Docker & Containerization

INFO 153B/253B: Backend Web Architecture

Week 5

 

Kay Ashaolu - Instructor

Suk Min Hwang - GSI

Today's Agenda

  • Part 1: Prep Work Recap - Docker basics check-in
  • Part 2: Containers vs VMs - Why containers won
  • Part 3: Images & Layers - How Docker builds efficiently
  • Part 4: Dockerfile Deep Dive - Every command explained
  • Part 5: docker-compose - Multi-container development
  • Demo: Dockerize a Flask App (5 min)
  • In-Class Exploration: Containerize a Product API (45 min)

Part 1: Prep Work Recap

Quick check-in on O'Reilly Chapter 4

What You Learned in Prep

  • Containers vs VMs: Lighter weight, share OS kernel
  • Images: Blueprints for containers (read-only)
  • Containers: Running instances of images
  • Dockerfile: Recipe for building images
  • docker-compose: Run multiple containers together
Key insight: Docker packages your app WITH its environment. "It works on my machine" becomes "It works everywhere."

The Problem Docker Solves

  • Developer laptop: Python 3.11, Flask 3.0, macOS
  • Server: Python 3.9, Flask 2.0, Ubuntu
  • Result: "It works on my machine!" (but crashes in production)
The real world: Different team members have different OS versions, different Python versions, different installed packages. Docker makes this problem disappear.

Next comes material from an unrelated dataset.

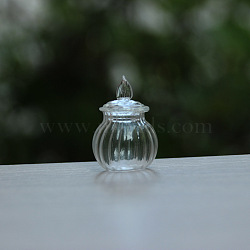 Mini Glass Jar, Micro Landscape Dollhouse Accessories, Pretending Prop Decorations, Clear, 25x25mm(BOTT-PW0011-36B)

Quick Check: Docker Vocabulary

TermDefinitionAnalogy
ImageRead-only template with your appRecipe / Blueprint
ContainerRunning instance of an imageCooked meal / Building
DockerfileInstructions to build an imageRecipe steps
RegistryStorage for images (Docker Hub)Recipe book
  • You build images from Dockerfiles
  • You run containers from images
  • You push/pull images to/from registries

Quick Check: Basic Commands

# Build an image from Dockerfile
docker build -t my-flask-app .

# Run a container from an image
docker run -p 5000:5000 my-flask-app

# List running containers
docker ps

# Stop a container
docker stop <container_id>

# List all images
docker images
  • -t tags (names) the image
  • -p maps ports (host:container)
  • . means use current directory's Dockerfile

Prep Recap: Key Takeaways

  • Docker solves: "Works on my machine" problem
  • Images are blueprints: Built once, run anywhere
  • Containers are isolated: Don't affect host system
  • Dockerfile is the recipe: FROM, COPY, RUN, CMD
The connection: Last week you built Flask APIs that run locally. This week: package them to run anywhere.

Part 2: Containers vs VMs

Why containers won

Virtual Machines: The Old Way

How VMs Work

  • Full OS for each application
  • Hypervisor manages VMs
  • Complete isolation
  • Heavy: GBs of overhead

VM Stack

+-------+ +-------+ +-------+
| App 1 | | App 2 | | App 3 |
+-------+ +-------+ +-------+
| Guest | | Guest | | Guest |
|  OS   | |  OS   | |  OS   |
+-------+-+-------+-+-------+
|       Hypervisor          |
+---------------------------+
|        Host OS            |
+---------------------------+
|        Hardware           |
+---------------------------+

Containers: The Modern Way

How Containers Work

  • Share host OS kernel
  • Docker daemon manages
  • Process-level isolation
  • Light: MBs of overhead

Container Stack

+-------+ +-------+ +-------+
| App 1 | | App 2 | | App 3 |
+-------+-+-------+-+-------+
|     Docker Engine         |
+---------------------------+
|        Host OS            |
+---------------------------+
|        Hardware           |
+---------------------------+
Key difference: No Guest OS layer! Apps share the host kernel.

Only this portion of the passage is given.